Haftanın ikinci yarısından itibaren ise işin rengi değişebilir ve bu kez destekler önem kazanabilir. İlk destek 56.650 bölgesinde. Sonrasında ise 54.150 seviyesindeki direnç önemli olacak! Özellikle bu hafta sonunda ikinci direnç seviyesi aşağı kırılmış ve haftalık kapanış da olmuş ise, piyasalar için yeni diplerin önü açılabilir! Şimdilik bu denli karamsar olmaya gerek yok!
Altın 1.700 dolara kadar inebilir
Tüm bu tahminleri yaparken dolar/TL kurlarında 1.7650-1.7850 bandının korunduğunu ve 1.8030’un yukarı kırılmadığı bir durumdan söz ediyorum. Fed’in kararları euro/dolar paritesinde ciddi hareketlere yol açabilir. İlginçtir, bunların daha öncekiler gibi dolar aleyhine değil, tam tersine dolar lehine değerlendirilmesi olasılığı yüksek. Hazır Papandreu New York seyahatini borç krizi nedeniyle iptal etmiş ve AB halen daha borç krizinden nasıl çıkacağını bilemezken, paritenin yeniden 1.35’lere doğru hareket etmesi ve hatta 1.3250 seviyelerine kadar düşmesi ihtimali bile var. Böylesi bir durum bizdeki kurları da mutlaka etkileyecek, algılamaları değiştirebilecektir. Dikkatli olmakta, kurlardaki hareketlerin tehdit oluşturup oluşturmadığını anlamak için “sepete” bakmakta fayda var. 4.38 (ya da 2.19) yukarı kırılmadıkça sorun yok!
Gelelim altına...
Kendisiyle aram pek yoktur, hasmım olur malûmunuz... Yine de son günlerde kendi adıma ilgiyi hakediyor. Altının ons fiyatı 6 Eylül’de 1.921 doları gördükten sonra başlayan düzeltmesinde geçtiğimiz Cuma günü 1.762’ye kadar geriledi.
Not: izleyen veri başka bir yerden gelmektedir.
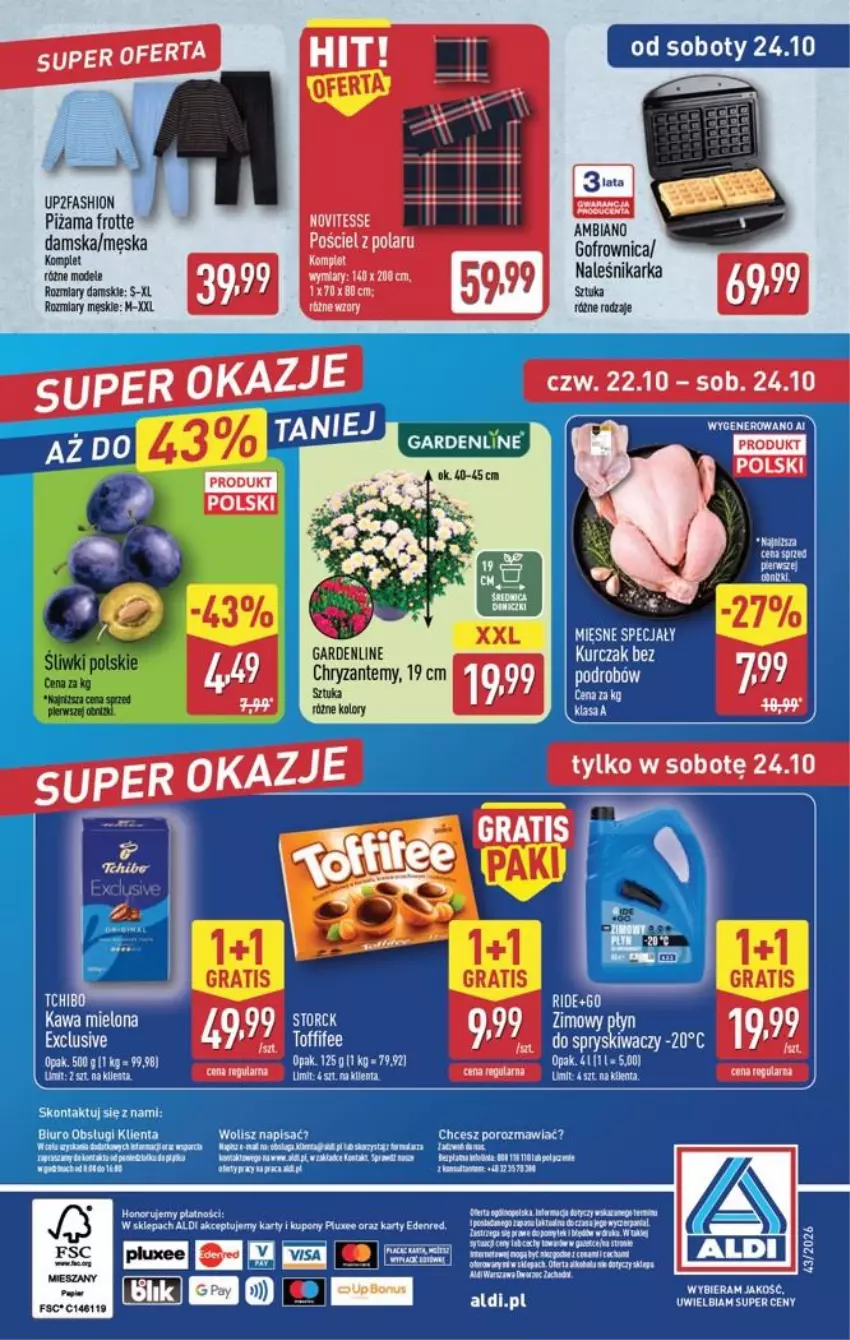 Gazetka promocyjna Aldi - Pełna oferta - ważna 19.10 do 24.10.2026 - strona 54 - produkty: Biuro, Fa, Gofrownica, Gra, Kawa, Kawa mielona, KOBO, Kurczak, LG, Piżama, Por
1.735-50 bandı önemli bir direnç. Bu seviyenin altına kararlı bir şekilde inilecek olursa; ki hem Fed’in muhtemel kararları, hem de doların güçlenmesiyle bu ihtimal artıyor; bir sonraki destek olan 1.700 (düz) seviyesine kadar inilebilir.
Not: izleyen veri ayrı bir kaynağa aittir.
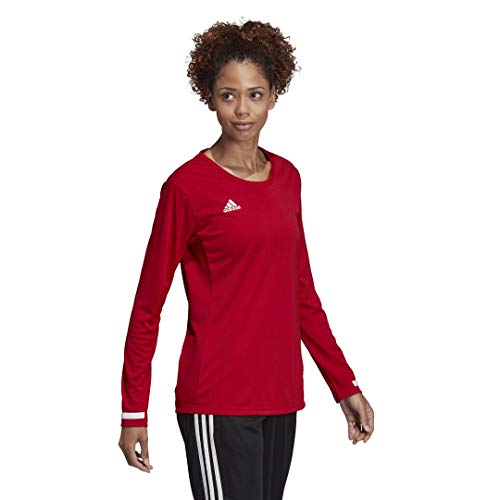 adidas Female Team 19 Long Sleeve Jersey,Power Red/White,L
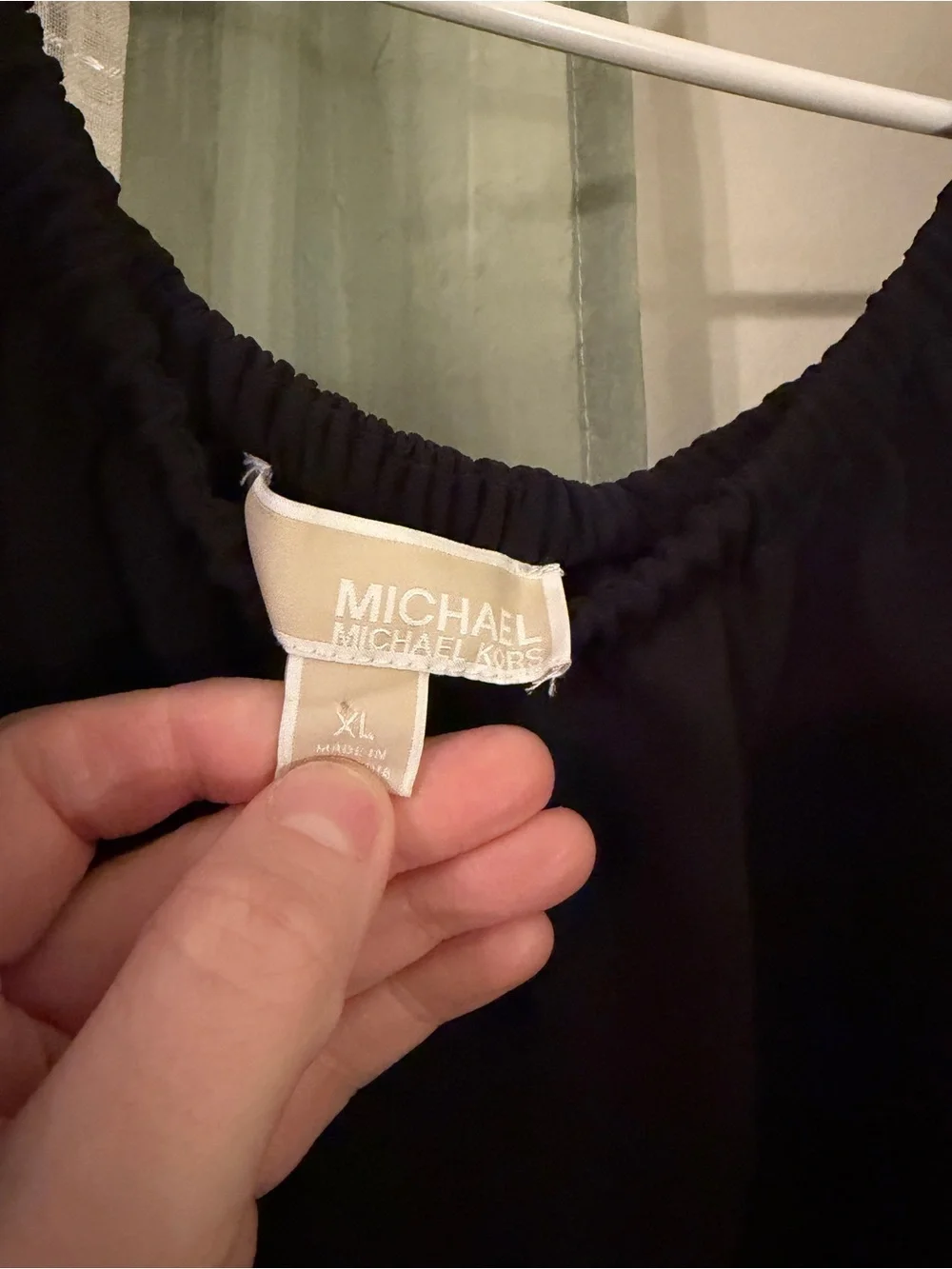 Michael Kors Black Off-Shoulder Ruffle Top XL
Her ne kadar altın Cuma günü son anda direnerek yukarıda kapatmayı başarsa da gümüş kısa vadeli yükseliş/düzeltme trendini aşağı yönde kırdı. Bu hafta içinde altının da benzer bir seyir izlemesi olasılığı hayli yüksek.
Altındakine benzer şekilde gümüşte de ilk destek 37.60 seviyesinde. Sonrasında 36.10 var ki bu seviyenin altındaki bir haftalık kapanış, 33.80’nin önünü açacaktır. Bu seviyenin bu hafta değilse de Kasım ayının ilk yarısına kadar görülme ihtimalinin yüksek olduğunu düşünüyorum.